* [Exercise goal]:
For the entries below, report every line that includes the word "with".
[Entries shown — start]
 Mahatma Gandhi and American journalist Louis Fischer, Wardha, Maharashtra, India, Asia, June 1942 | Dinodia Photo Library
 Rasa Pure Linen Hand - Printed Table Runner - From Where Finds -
[Entries shown — finish]
[Entries shown — start]
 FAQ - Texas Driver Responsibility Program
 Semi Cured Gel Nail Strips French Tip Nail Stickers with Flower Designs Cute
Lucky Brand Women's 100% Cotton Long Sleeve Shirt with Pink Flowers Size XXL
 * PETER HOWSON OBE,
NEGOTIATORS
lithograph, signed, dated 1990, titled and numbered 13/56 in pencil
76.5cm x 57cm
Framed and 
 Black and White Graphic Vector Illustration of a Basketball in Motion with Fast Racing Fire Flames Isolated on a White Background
[Entries shown — finish]
* [Response box]:
 Semi Cured Gel Nail Strips French Tip Nail Stickers with Flower Designs Cute
Lucky Brand Women's 100% Cotton Long Sleeve Shirt with Pink Flowers Size XXL
 Black and White Graphic Vector Illustration of a Basketball in Motion with Fast Racing Fire Flames Isolated on a White Background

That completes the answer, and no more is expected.